WORK INSTRUCTIONS: With pictures left out, output exactly the lines of the listing below from the line that has "Loewe Bag Basket" to the line that has "3D Digital Printing", both lines kept.

EXTRACTED RECORDS:
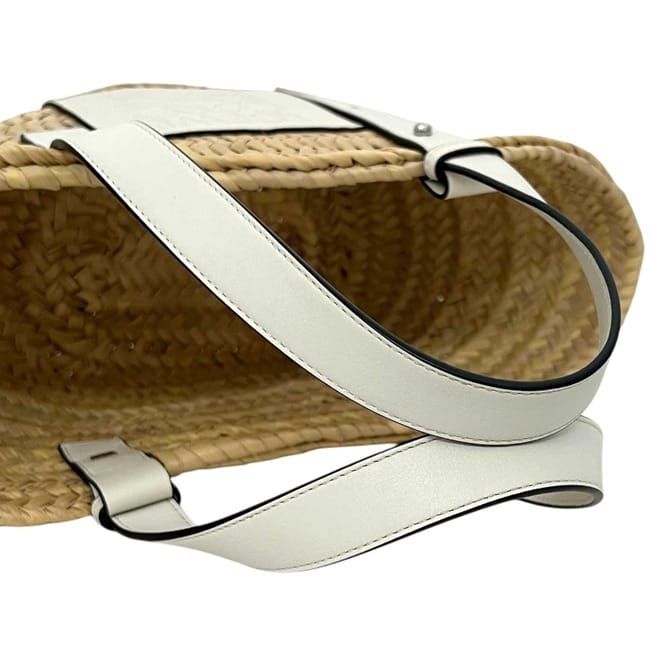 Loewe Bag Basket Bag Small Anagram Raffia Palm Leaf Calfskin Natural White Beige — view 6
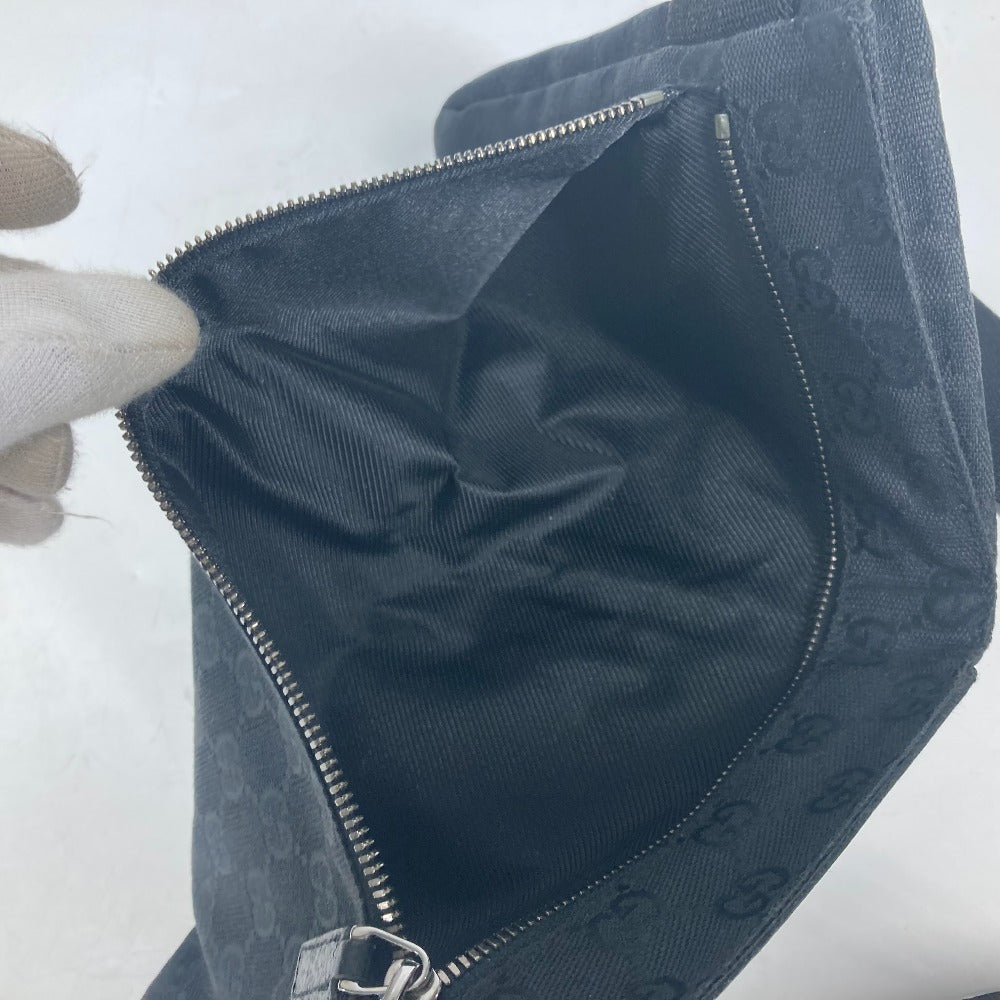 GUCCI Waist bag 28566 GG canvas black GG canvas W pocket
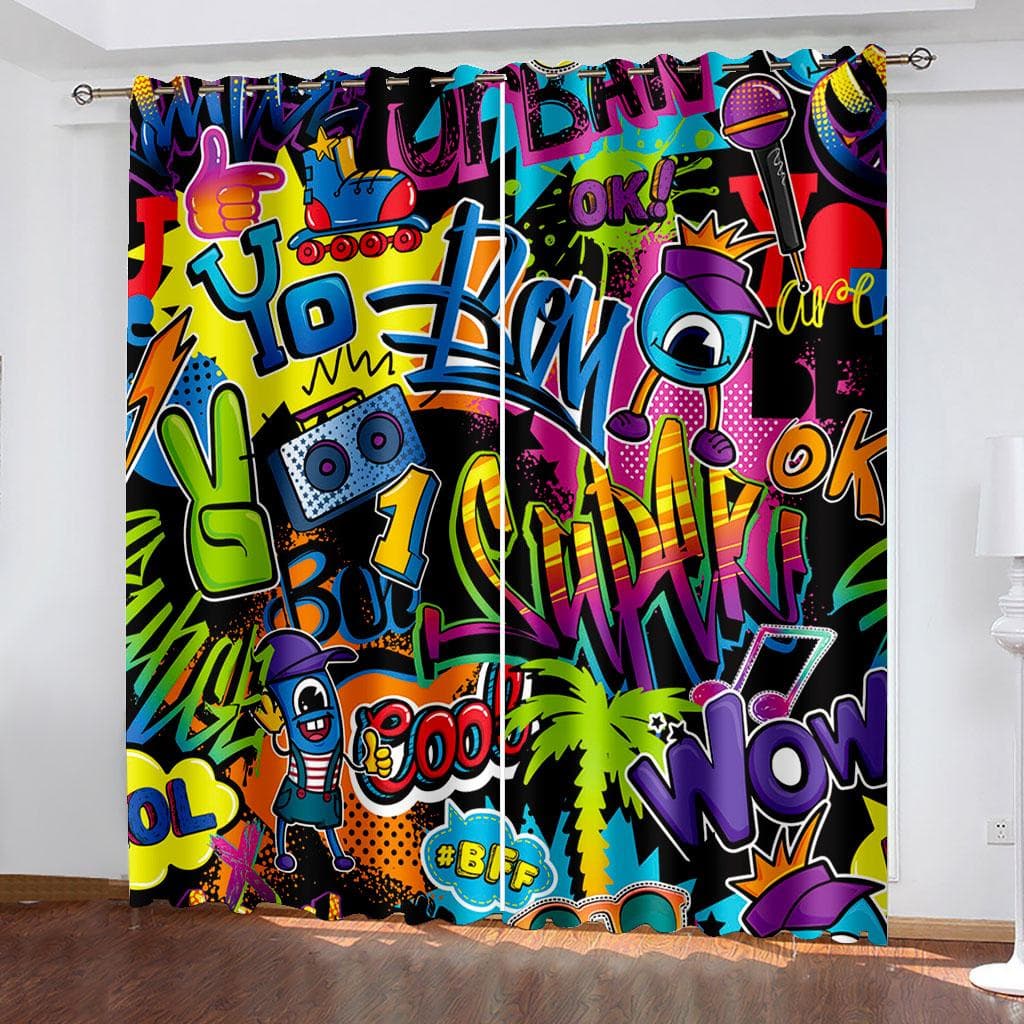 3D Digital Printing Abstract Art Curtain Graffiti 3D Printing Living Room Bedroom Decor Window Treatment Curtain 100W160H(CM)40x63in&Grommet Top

* * *

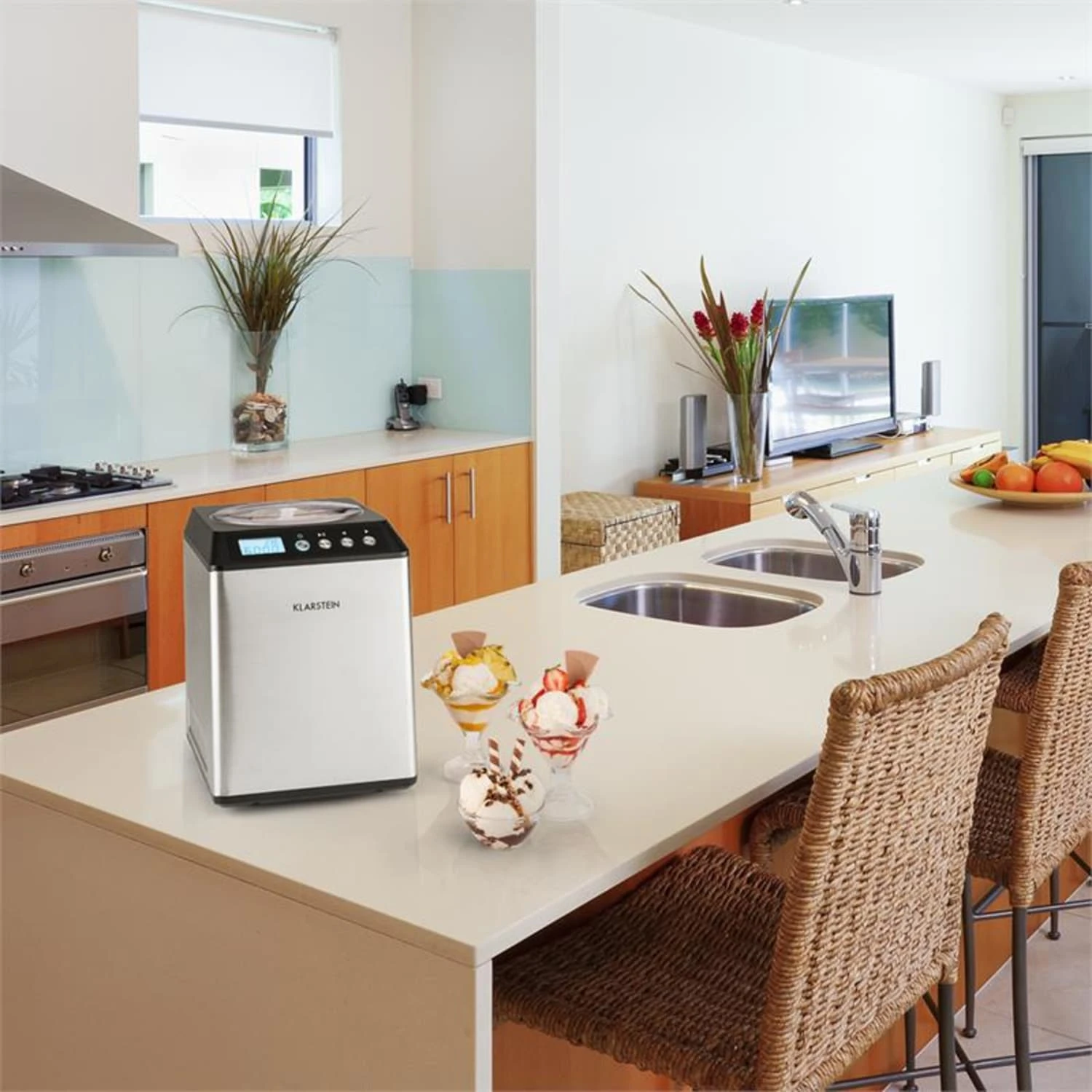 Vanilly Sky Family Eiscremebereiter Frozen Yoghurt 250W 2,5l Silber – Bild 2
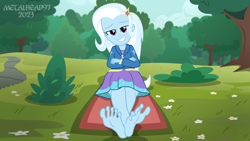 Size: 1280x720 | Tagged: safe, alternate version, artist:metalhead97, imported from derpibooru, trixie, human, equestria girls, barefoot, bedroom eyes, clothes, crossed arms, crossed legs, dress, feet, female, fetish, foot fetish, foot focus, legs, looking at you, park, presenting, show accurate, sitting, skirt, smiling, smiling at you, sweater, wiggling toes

---

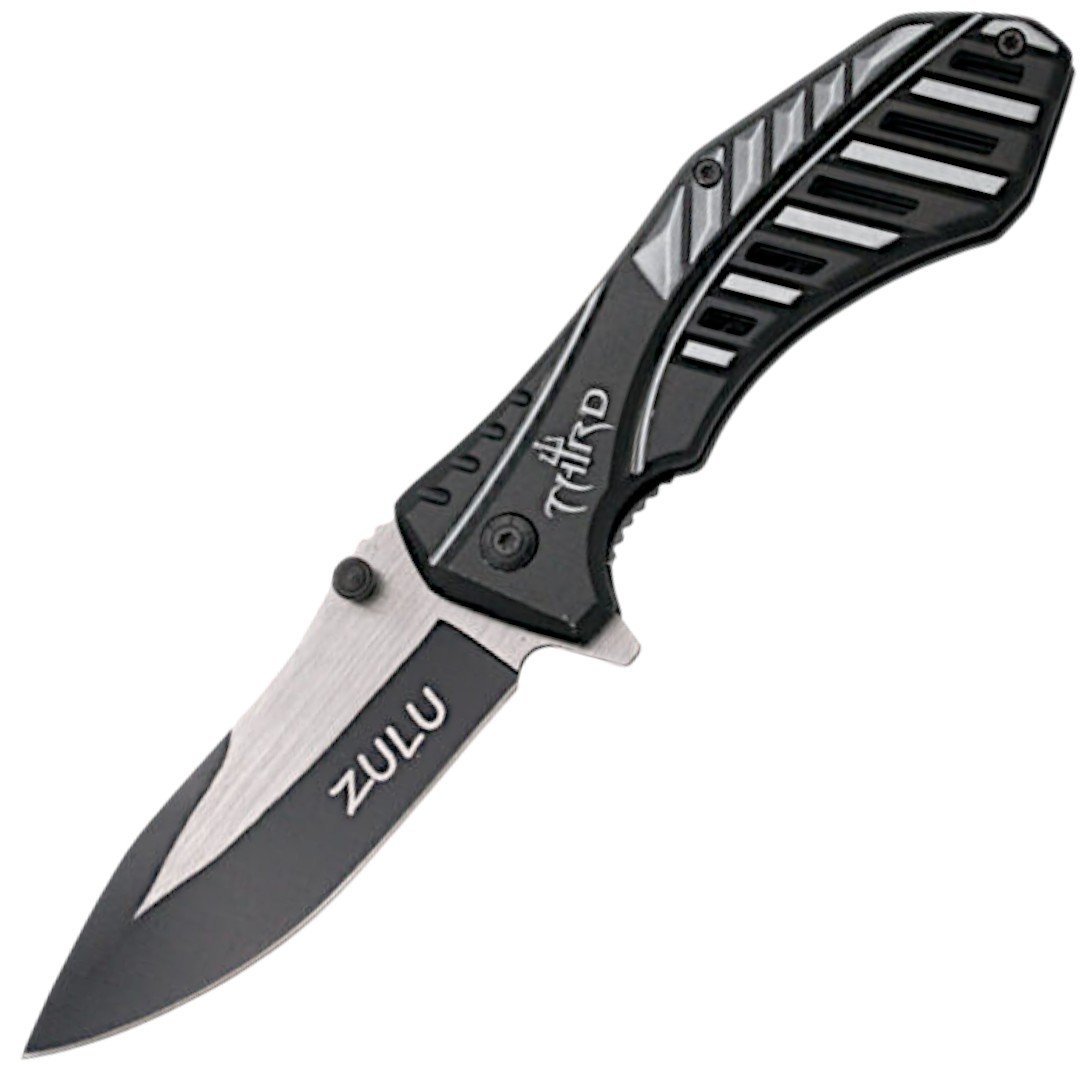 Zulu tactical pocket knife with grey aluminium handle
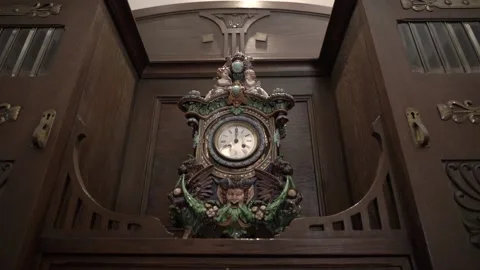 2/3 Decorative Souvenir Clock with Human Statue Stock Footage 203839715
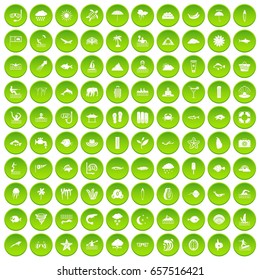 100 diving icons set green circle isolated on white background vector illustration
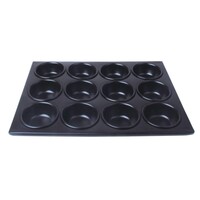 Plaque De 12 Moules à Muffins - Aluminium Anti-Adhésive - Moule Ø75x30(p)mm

ANSWER BOX:
 Loewe Bag Basket Bag Small Anagram Raffia Palm Leaf Calfskin Natural White Beige — view 6
 GUCCI Waist bag 28566 GG canvas black GG canvas W pocket
 3D Digital Printing Abstract Art Curtain Graffiti 3D Printing Living Room Bedroom Decor Window Treatment Curtain 100W160H(CM)40x63in&Grommet Top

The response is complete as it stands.